Waldmeer-Regatta
Waldmeer-Regatta
Seit einigen Jahren kreist wieder der Wanderfalke (Falco peregrinus) über den Gipfeln des Bayerwaldes
Blick über das Waldmeer vom Großen Falkenstein
Die Hochlagen des Bayerischen Waldes im Grenzgebirge zwischen Bayern und Böhmen bilden die größte zusammenhängende Waldfläche Mitteleuropas. Der grenzübergreifende Nationalpark Bayerischer Wald / Narodni Parc Sumava verfolgt ein Schutzkonzept, das die natürliche Dynamik der Natur in den Mittelpunkt stellt und auf regulierende Einflüsse des Menschen weitgehend verzichtet.

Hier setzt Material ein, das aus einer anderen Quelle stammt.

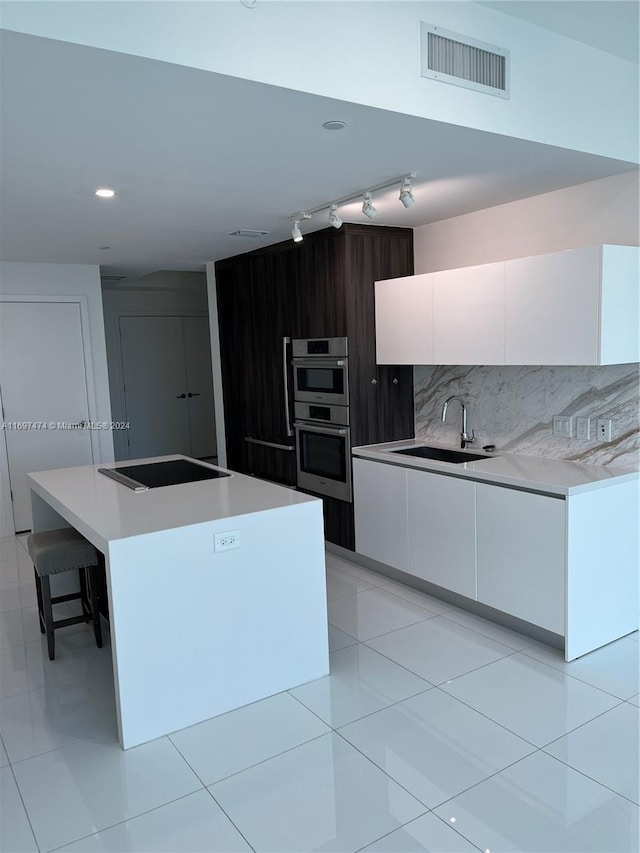 kitchen with a center island, sink, stainless steel double oven, tasteful backsplash, and white cabinets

Unter dem Motto "Natur Natur sein lassen" soll neue Wildnis im Nationalparkgebiet entstehen: ein viel diskutierter, langwieriger Prozess, der weit über die Spanne eines Menschenlebens hinausreicht und seit drei Jahrzehnten zum Disput zwischen Nationalpark-Befürwortern und Gegnern beiträgt.

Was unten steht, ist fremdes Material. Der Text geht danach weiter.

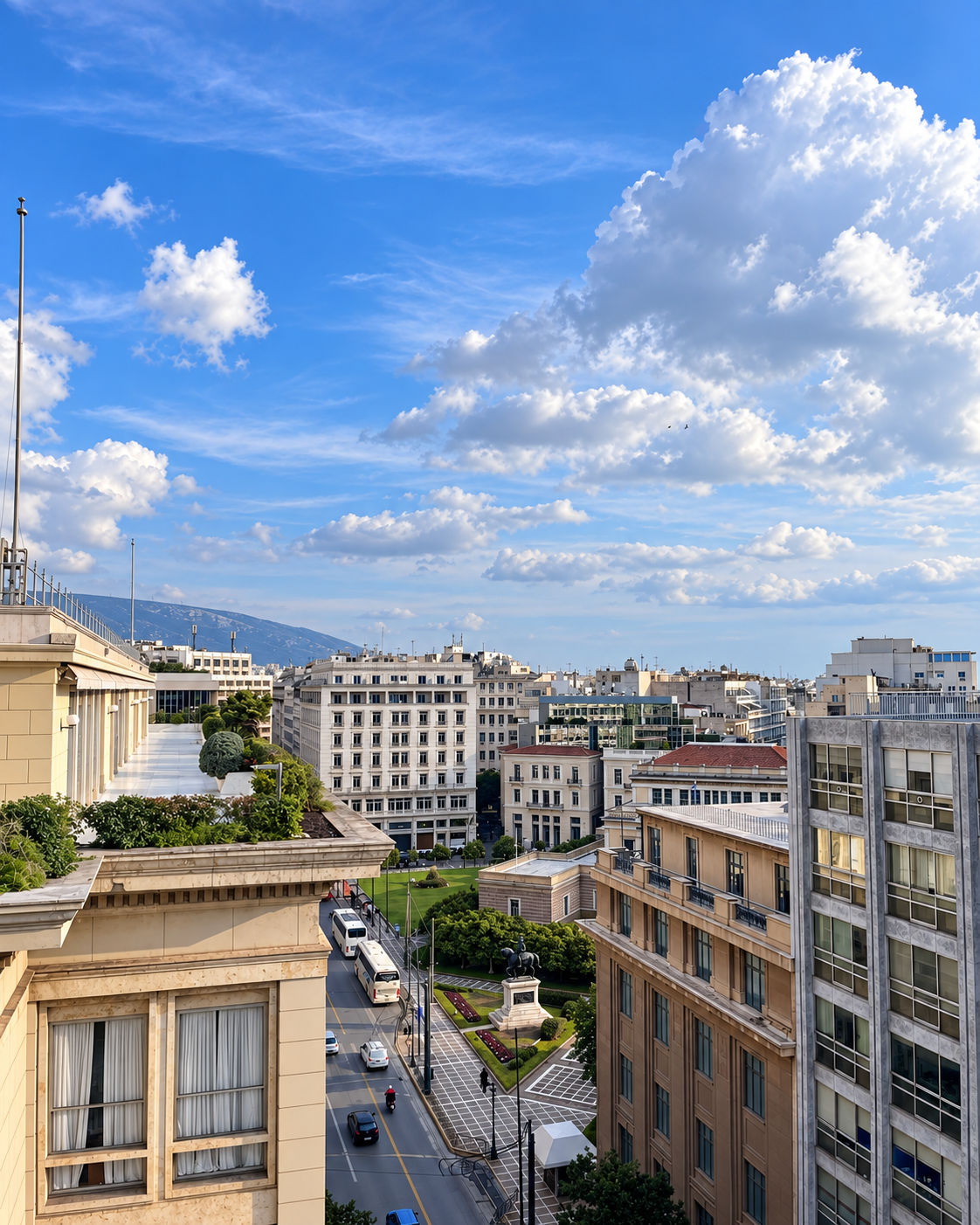Panoramic view across central Athens featuring city architecture, surrounding mountains, and a bright blue sky.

Es ist für die Einheimischen nicht selbstverständlich, den Wald auf einmal nicht mehr zu nutzen, nachdem man zuvor über Jahrhunderte eine nachhaltige Waldwirtschaft betrieben hat. Ebenso wenig kann man störungsempfindliche Tierarten wie das Auerhuhn, den Wanderfalken oder den Schwarzstorch erhalten, ohne konsequente Naturschutzarbeit zu leisten und Verhaltensspielregeln zu beachten.

Insofern ist das "Unternehmen Wildnis" im Bayerischen Wald eine echte Geduldsprobe und eine Kulturaufgabe erster Güte, die von beiden Seiten - Befürwortern wie Gegnern - die Bereitschaft zum Dialog und zur Zusammenarbeit einfordert ... !

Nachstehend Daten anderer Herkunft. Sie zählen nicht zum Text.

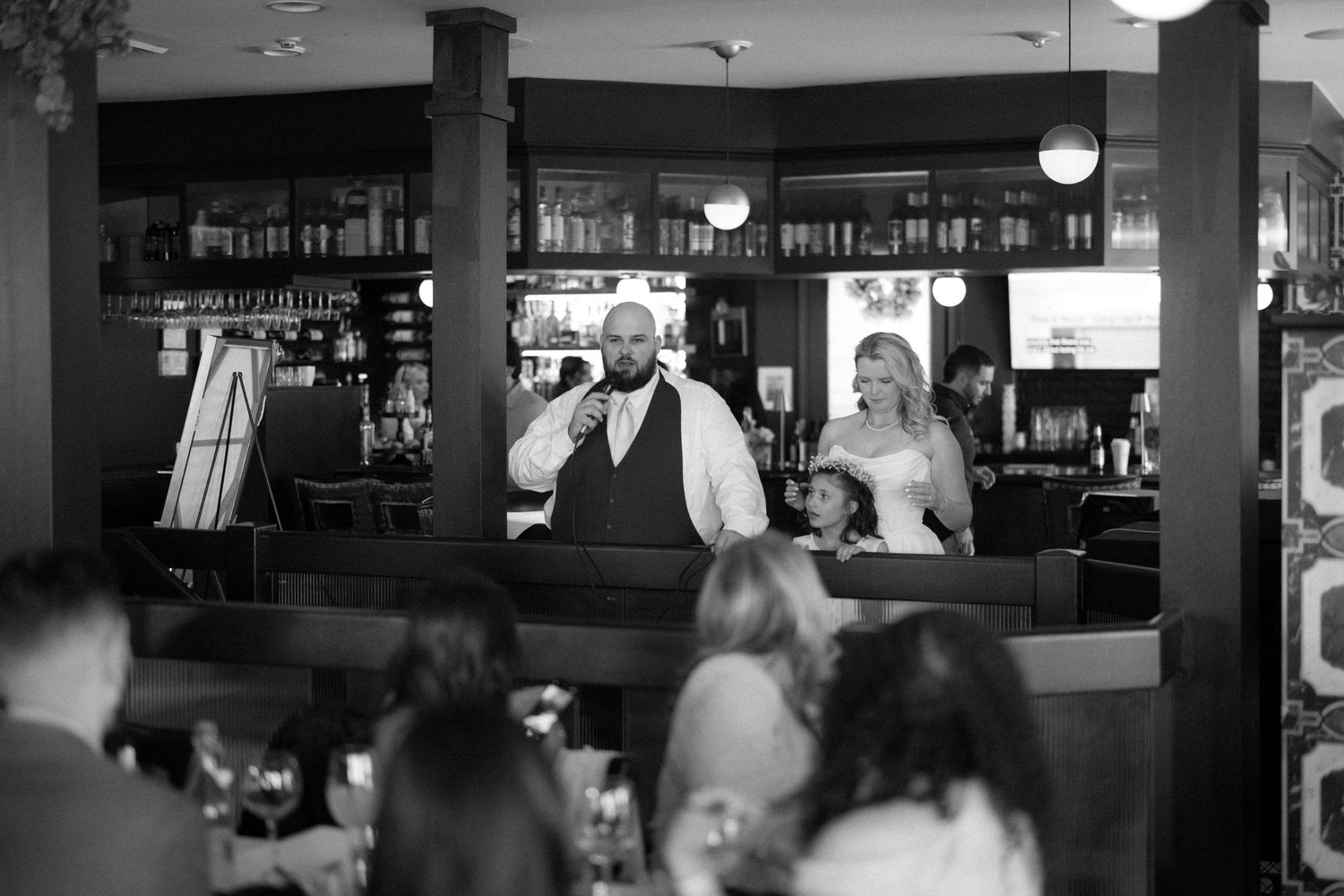 Black and white photo of a groom speaking into a microphone beside his bride at a wedding reception in a restaurant.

Massiver Borkenkäferbefall hat zu einem großflächigen Absterben des bestehenden Bergfichtenwaldes geführt ...
Der Dreizehenspecht (Picoides tridactylus) profitiert zur Zeit vom hohen Totholzanteil. Doch für viele andere Arten ging wertvoller Bergwaldlebensraum auf großer Fläche verloren ...
... bietet die restliche Fläche des Nationalparks genügend Ausweichbiotope ?
Wandert man in den Hochlagen zwischen Lusen und Rachel, so begreift man erst, wie großflächig die vom Borkenkäfer zerstörten Flächen sind - und dass damit schlagartig ein weitläufiges Stück intakter Bergwaldlebensraum verloren ging. Was im Lauf der nächsten Jahre und Jahrzehnte wieder entsteht, werden wir sehen. Momentan fühlt man sich eher wie in einer Savannenlandschaft. Ein weites Gräsermeer folgt nach dem Waldmeer.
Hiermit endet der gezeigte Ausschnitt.